Extracted data entries
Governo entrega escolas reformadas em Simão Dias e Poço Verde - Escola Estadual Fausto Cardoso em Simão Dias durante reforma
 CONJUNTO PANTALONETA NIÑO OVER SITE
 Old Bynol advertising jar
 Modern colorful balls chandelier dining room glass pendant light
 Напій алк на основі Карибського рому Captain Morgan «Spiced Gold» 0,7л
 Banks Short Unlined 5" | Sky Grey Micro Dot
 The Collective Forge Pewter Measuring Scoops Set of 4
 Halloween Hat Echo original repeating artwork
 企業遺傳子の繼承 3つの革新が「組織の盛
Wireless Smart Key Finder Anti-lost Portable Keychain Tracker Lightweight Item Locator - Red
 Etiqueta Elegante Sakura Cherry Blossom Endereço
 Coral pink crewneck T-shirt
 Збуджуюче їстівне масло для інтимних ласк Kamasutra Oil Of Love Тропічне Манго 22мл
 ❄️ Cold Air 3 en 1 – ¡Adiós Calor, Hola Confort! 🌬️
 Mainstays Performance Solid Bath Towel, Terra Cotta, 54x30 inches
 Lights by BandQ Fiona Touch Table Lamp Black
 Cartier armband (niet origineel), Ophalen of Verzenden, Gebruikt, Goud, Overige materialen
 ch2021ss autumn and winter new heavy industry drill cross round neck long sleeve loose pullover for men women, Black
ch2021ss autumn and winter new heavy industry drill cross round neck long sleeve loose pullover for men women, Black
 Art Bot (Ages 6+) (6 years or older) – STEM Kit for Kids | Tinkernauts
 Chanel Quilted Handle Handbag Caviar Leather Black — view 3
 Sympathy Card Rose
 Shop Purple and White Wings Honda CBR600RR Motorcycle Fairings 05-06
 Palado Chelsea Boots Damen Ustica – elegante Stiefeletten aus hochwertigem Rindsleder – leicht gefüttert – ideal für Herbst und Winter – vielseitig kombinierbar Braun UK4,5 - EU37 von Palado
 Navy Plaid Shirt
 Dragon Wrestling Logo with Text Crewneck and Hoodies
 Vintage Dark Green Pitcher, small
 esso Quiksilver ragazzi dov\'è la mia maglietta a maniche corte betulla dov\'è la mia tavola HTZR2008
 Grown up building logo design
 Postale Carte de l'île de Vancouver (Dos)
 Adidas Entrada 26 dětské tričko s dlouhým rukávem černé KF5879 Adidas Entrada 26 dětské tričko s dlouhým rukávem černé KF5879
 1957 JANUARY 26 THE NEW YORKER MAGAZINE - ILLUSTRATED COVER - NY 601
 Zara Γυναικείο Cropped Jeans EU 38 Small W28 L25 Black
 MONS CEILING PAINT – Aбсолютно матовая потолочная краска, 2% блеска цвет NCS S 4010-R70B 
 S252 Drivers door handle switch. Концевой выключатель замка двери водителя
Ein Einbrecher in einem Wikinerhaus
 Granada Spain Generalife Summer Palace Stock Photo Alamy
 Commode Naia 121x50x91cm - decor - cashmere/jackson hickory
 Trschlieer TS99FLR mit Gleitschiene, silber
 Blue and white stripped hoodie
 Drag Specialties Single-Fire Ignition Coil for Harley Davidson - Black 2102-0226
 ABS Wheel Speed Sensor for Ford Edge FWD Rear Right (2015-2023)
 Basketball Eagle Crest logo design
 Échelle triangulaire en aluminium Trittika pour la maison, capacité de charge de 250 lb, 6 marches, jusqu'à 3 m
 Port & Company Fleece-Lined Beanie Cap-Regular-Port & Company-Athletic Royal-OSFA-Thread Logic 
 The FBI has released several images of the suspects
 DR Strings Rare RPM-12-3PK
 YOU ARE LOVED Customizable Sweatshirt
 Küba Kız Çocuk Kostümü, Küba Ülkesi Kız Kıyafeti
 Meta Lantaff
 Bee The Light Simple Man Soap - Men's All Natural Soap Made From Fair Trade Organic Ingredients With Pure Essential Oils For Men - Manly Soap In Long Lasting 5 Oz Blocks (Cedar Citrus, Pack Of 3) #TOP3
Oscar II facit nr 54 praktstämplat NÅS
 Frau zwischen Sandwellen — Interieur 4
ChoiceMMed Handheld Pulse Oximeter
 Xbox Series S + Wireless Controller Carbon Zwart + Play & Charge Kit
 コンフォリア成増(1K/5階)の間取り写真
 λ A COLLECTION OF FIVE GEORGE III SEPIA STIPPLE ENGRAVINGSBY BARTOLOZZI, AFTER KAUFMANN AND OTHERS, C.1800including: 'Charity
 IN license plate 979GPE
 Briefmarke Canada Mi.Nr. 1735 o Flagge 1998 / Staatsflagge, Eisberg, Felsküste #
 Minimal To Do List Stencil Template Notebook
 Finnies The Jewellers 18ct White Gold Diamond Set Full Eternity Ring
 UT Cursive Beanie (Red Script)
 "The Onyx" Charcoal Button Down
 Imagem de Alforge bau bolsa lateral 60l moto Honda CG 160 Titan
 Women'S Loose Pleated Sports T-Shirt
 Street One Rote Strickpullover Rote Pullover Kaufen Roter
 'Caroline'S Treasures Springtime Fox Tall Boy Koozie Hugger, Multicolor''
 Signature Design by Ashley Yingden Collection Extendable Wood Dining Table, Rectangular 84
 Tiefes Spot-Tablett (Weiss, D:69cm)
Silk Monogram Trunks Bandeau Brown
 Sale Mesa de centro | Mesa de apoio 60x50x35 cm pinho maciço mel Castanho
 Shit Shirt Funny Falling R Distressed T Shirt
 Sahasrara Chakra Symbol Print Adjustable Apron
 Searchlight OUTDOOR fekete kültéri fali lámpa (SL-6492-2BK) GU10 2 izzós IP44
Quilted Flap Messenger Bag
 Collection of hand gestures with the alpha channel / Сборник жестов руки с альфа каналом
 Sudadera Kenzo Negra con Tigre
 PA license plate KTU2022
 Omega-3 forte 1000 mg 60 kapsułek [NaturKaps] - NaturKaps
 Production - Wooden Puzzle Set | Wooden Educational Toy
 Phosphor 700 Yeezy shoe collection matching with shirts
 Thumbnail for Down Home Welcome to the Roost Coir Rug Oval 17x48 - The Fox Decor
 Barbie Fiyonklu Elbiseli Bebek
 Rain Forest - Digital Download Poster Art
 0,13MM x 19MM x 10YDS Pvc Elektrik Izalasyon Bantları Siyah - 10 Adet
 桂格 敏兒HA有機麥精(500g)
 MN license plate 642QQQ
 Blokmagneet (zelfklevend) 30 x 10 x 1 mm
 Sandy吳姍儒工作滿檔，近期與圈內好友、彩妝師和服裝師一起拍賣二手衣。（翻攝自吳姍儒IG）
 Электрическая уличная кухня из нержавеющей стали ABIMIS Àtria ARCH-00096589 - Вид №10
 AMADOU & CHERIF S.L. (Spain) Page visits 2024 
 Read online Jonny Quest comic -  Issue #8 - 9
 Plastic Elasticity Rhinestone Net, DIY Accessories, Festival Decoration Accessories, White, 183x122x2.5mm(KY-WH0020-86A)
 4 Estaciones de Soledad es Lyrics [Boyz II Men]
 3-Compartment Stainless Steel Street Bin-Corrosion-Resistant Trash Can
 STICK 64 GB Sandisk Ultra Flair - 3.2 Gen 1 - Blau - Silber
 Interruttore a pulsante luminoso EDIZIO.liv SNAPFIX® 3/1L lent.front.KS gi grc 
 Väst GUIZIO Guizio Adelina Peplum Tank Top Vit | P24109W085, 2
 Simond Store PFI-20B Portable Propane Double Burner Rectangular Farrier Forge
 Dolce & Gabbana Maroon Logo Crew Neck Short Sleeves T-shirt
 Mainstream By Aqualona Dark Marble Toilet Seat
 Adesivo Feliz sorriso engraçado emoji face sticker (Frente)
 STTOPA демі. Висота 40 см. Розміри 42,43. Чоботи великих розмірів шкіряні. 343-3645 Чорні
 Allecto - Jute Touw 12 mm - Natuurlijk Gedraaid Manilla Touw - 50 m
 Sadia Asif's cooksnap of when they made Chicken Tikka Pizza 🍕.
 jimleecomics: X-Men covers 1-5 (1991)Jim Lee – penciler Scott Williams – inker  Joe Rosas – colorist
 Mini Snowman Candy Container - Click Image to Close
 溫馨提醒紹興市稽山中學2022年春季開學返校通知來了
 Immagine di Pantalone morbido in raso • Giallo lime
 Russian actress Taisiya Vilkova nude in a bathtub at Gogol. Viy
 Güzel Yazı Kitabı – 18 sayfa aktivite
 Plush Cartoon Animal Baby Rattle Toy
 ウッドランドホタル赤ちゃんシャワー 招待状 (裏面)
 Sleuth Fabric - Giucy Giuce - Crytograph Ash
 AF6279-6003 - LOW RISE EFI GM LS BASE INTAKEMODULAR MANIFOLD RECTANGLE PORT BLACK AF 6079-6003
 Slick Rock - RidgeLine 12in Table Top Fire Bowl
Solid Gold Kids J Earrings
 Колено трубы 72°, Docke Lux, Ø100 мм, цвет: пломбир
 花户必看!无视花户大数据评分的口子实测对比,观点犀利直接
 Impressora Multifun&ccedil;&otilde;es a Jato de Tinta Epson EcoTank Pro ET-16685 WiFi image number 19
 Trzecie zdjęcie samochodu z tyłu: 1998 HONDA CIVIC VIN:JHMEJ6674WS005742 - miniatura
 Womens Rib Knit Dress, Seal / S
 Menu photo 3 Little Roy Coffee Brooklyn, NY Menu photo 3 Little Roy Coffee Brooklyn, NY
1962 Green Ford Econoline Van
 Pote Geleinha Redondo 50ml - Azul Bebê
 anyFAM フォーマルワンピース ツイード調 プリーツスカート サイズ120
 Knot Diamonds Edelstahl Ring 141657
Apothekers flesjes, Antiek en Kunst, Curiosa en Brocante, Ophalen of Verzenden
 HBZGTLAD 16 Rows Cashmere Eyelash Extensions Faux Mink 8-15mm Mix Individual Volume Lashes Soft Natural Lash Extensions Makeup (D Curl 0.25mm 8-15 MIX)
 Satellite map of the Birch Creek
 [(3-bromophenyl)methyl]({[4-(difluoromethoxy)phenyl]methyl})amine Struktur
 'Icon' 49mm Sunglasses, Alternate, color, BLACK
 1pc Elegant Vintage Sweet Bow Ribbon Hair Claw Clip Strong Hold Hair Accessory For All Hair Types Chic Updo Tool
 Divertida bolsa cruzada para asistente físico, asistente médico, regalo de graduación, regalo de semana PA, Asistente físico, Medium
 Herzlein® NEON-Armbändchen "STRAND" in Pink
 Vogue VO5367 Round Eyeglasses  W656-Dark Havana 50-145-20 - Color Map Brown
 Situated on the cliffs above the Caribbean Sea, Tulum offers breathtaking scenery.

Work to complete = Print again the lines of the entries above that fall between the line holding "Quilted Flap Messenger Bag" and the line holding "Omega-3 forte 1000", inclusive, exactly as they stand.

Solution =
Quilted Flap Messenger Bag
 Collection of hand gestures with the alpha channel / Сборник жестов руки с альфа каналом
 Sudadera Kenzo Negra con Tigre
 PA license plate KTU2022
 Omega-3 forte 1000 mg 60 kapsułek [NaturKaps] - NaturKaps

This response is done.